Harare is the bustling capital of Zimbabwe, and is a modern green city populated by over two million people. Numerous parks, plains and gardens with healthy trees make Harare a surprisingly attractive destination for nature lovers in Zimbabwe. Zimbabwe’s national buildings, art gallery and botanical gardens are situated in Harare, along with many other things to see and do.
Places to go
As Harare is progressing in commerce, a number of local and international businesses have been set up in previous years. Sam Levy’s Village is the most well-known shopping centre, which is designed to look like an old brick-paved European village. If Zimbabwean culture is your thing, traditional baskets, food and second-hand ‘mabhero’ clothing can be bought from local tradespeople for reasonable prices from the open Avondale ‘Flea Market’ in Mbare – a small, rustic market for savvy shoppers. Avondale Shopping Centre is a little more up-market if you want contemporary souvenirs and clothes.

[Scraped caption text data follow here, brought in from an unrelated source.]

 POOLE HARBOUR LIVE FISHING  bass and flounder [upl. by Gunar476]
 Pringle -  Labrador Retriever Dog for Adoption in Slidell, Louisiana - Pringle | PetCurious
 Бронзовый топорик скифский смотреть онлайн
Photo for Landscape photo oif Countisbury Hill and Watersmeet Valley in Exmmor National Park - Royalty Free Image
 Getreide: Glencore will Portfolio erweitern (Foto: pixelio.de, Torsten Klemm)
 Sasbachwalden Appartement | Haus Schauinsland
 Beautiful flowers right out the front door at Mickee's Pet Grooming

The Domboshawa on the Dombashawa road north of the city centre is a popular hiking destination. Visitors can explore the caves and pools that made up the prehistoric territory of the Mashona people, and the beautifully simplistic views of the Mashonaland from the top of the sandy rocks are a joy to behold.
Darwendale Dam to the west of Harare is particularly great for fishing. National weight records for catches have been broken there for largemouth bass – 8.2kg is the current record. Arcadia Dam a mile north of Kasane is a larger dam, and offers water skiing and sailing facilities.
Places to see
A day tour of Harare is likely to begin at The Harare Gardens. The gardens are well-maintained, with over 900 species of trees and flourishing lawns. The views of the city’s largest park can be enjoyed from the children’s playground or during dinner at the continental restaurant. The gardens are so relaxing you won’t want to leave, but you should because there are other places well worth looking at.
The Zimbabwe National Gallery is an impressive collection of contemporary art and displays the country’s artistic heritage with famous stone carvings from Shona people. The gallery has an international scope as part of the annual Harare International Festival of Arts, which attracts many visitors from outside the city. Other art on show in Harare includes contemporary stone sculptures dotted throughout the city.
Just a 30-minute drive from Harare, you can gawp at Zimbabwe’s game and bird life. The Mukuvisi Woodlands on the banks of the river Mukuvisi is 277 remarkable hectares of preserved land, where all African woodland species of bird and wild animal can be seen. This includes many kinds of antelope, giraffe and zebra.
The best view of the African plains in Harare can be had at the top of The Kopje, where herds of roaming buffalo have worn a sandy stretch of land over the plain. A national monument since 1968, The Kopje is a 37-acre granite hill which offers 360° views of south-west Harare.